Tatsuhiro Chiba and Tamiya Onodera
As mentioned in many Apache Spark tuning articles, the performance of Spark applications is improved by configuring Spark parameters and Java Virtual Machine (JVM) options. Besides tuning these parameters, operating system side optimization has helped to accelerate Spark performance more on recent hardware. Nowadays, the multi-core system architecture is common; a processor has many cores, and multiple processors on the system are connected over the non-unified memory access (NUMA) architecture. Moreover, recent processors deliver many hardware threads in each core with simultaneous multi-threading (SMT) technology. For example, POWER8 supports using up to eight hardware threads per core and Haswell supports up to two hardware threads. As a result, the operating system manages many logical cores in one system. The Linux Completely Fair Scheduler (CFS) handles this load balancing across cores and tries to schedule tasks while taking NUMA nodes into consideration because the cost of memory access on a remote NUMA node is several times higher than on a local NUMA node.
Let’s get back to the Spark story. Spark launches executor JVMs with many task worker threads in a system. Then, the operating system tries to schedule these worker threads to multiple cores. However, the scheduler does not always bind worker threads to the same NUMA node, so several worker threads are often scheduled to distant cores on remote NUMA nodes. Once a thread moves to another core over NUMA, the thread has to incur an overhead to access data on remote memory. Since Spark’s compute intensive workloads such as machine learning continue to compute many times for the same RDD dataset in memory, the remote memory access overhead is not negligible in total.
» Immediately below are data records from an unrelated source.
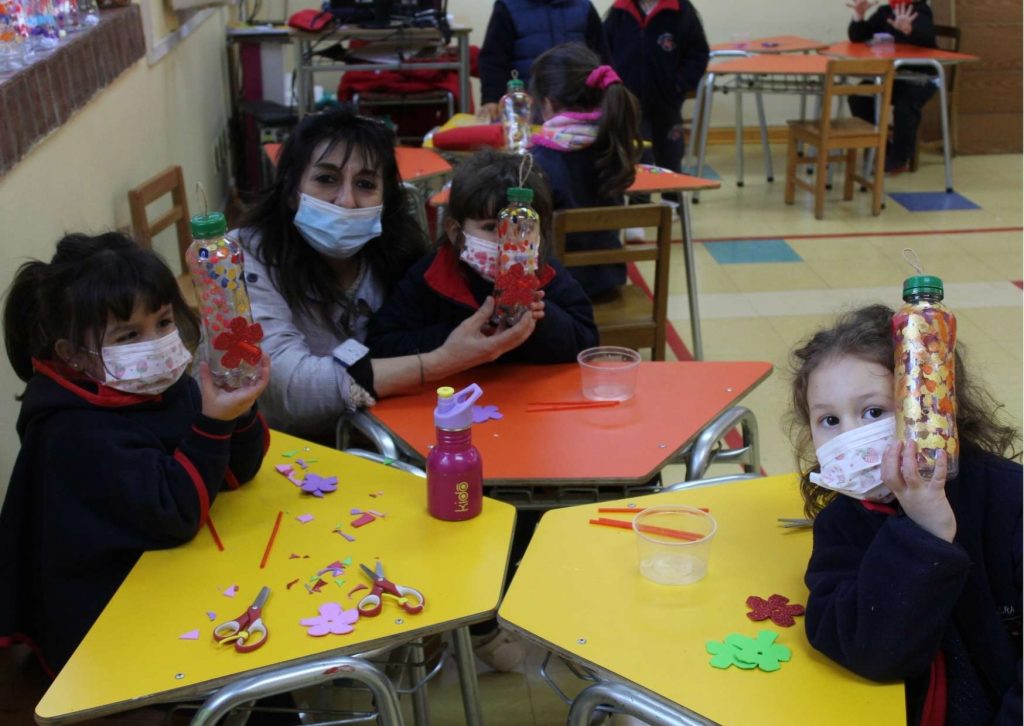 Construcción de bebederos para picaflor.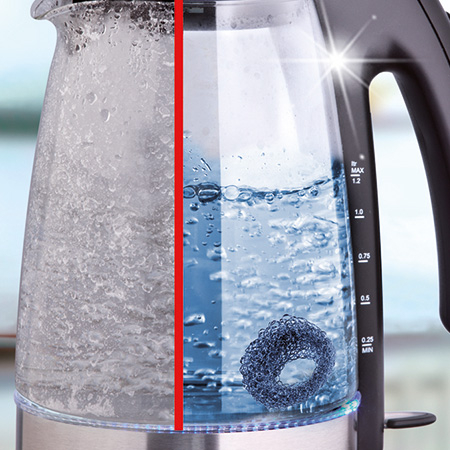 Kalkfänger im Wasserkocher: links verkalkt, rechts klar mit Antikalk-Ring – für sauberes, kalkfreies Wasser.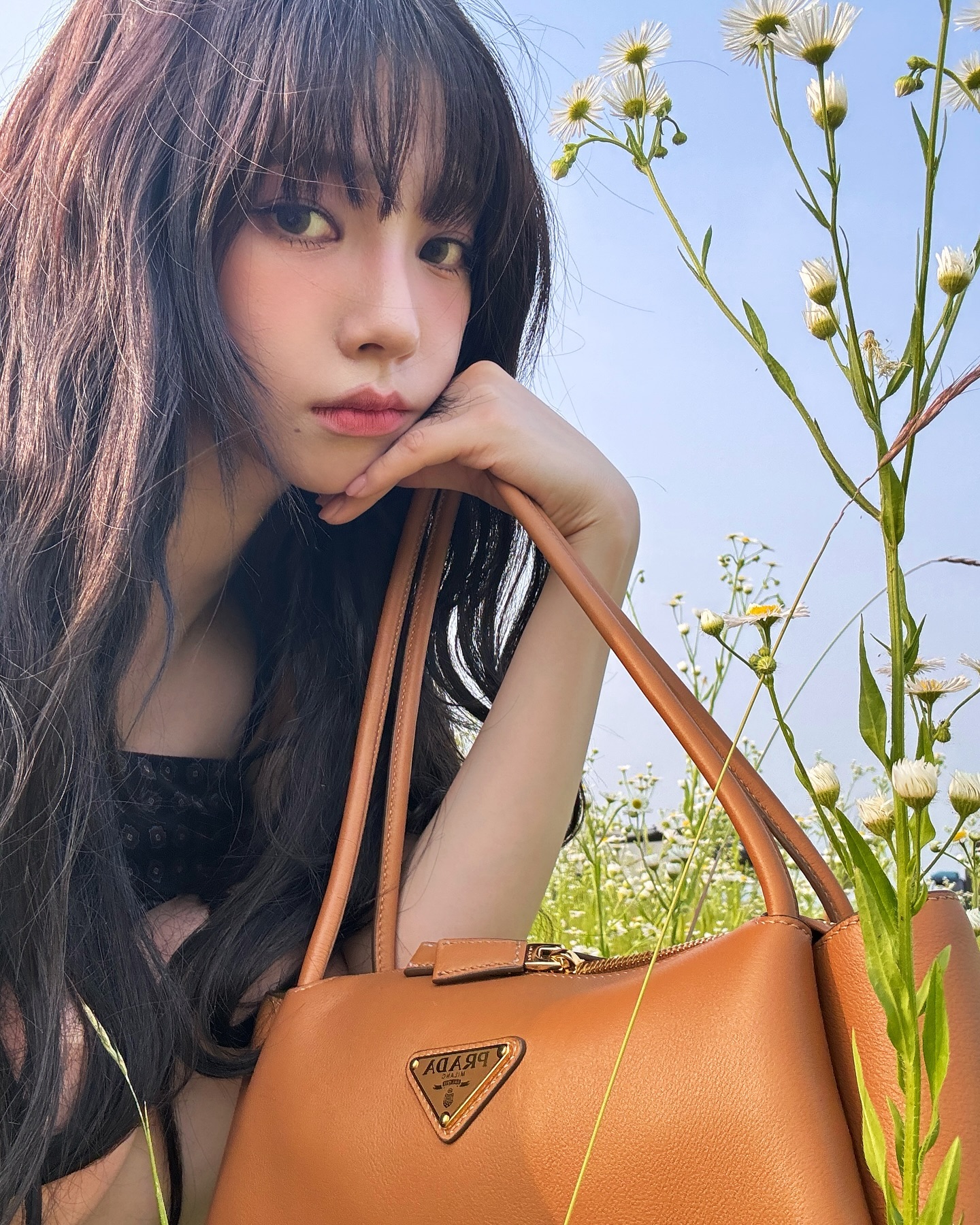 드디어 프라다 앰버서더된 카리나🖤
We applied NUMA aware process affinity to the executor JVMs on the same system and compared the computation performance with multiple Spark workloads; one was Kmeans with MLlib, and the other was the TPC-H benchmark with Spark SQL. We observed a 3 – 13% improvement in both experiments by binding process affinity to executor JVMs.
We performed both experiments on a single machine that had two 3.3 GHz POWER8 processors, and each POWER8 had 12 cores, so 24 physical cores were available, and also, 192 logical cores were active with SMT8 mode. The POWER8 processor is also divided into two modules internally, so we could utilize four different NUMA nodes. We delivered 4 executor JVMs, and each had 12 worker threads and a 48GB Java heap. We used Spark 1.4.1 and IBM J9 JVM (1.8.0 SR1FP10).
We prepared two types of Spark workloads, Kmeans and TPC-H. For Kmeans, we synthetically generated a dataset of about 6 GB that included 68M points, and Kmeans loaded this input data in memory as RDD and continued to iterate over the data ten times until convergence. For the TPC-H benchmark, we prepared a scale factor data set of about 100 GB and executed Hive queries through a Thrift server to submit to the Spark SQL. Kmeans is a compute intensive application, whereas the TPC-H workload is I/O bound.
Figure 1 shows the result of the performance with and without NUMA aware process affinity for executor JVMs. Each value represents the average performance of a five-time test. We show the performance for several selected queries for TPC-H, but we observed a 3 – 4% improvement for all queries on average. The query characteristics were a little different between Q1 and the others. Speaking concretely, Q1 had less data shuffling, and Q5 and Q9 had a larger amount of data shuffling during computation. For Kmeans, the NUMA aware setting also achieved an improvement of over 13%. Consequently, this setting was more helpful for compute intensive workloads.
Next, we evaluated worker thread scheduling and memory access hardware performance counter events to estimate NUMA efficiency. Figure 2 shows the logical core id mapping where Spark worker threads run in one JVM without NUMA aware process affinity. We periodically captured where worker threads were running every five seconds and plotted it to the y-axis. Each line corresponded to 12 running worker threads. As shown in Figure 2, the worker threads were scheduled over NUMA at first and then almost all threads were gathered into the same NUMA node. As mentioned above, this machine had four NUMA nodes with 24 cores, so each NUMA node had six cores. However, several threads often exceeded the NUMA node domain. In contrast, Figure 3 shows the result after applying process affinity and focuses on the cores in a NUMA node. We can confirm that all of the 12 worker threads kept running within their NUMA node domain.
In addition, we captured hardware events by using the Linux perf command. In Spark, memory is heavily consumed while RDD generates many immutable objects, so the TLB miss and page fault rates are high. Considering NUMA locality helps reduce these rates and remote memory access. As a result, the penalty cycles also decreased, and the performance was accelerated.
Setting NUMA aware locality for executor JVMs achieves better performance in many Spark applications, so let’s try to enable core bindings while launching executor JVMs.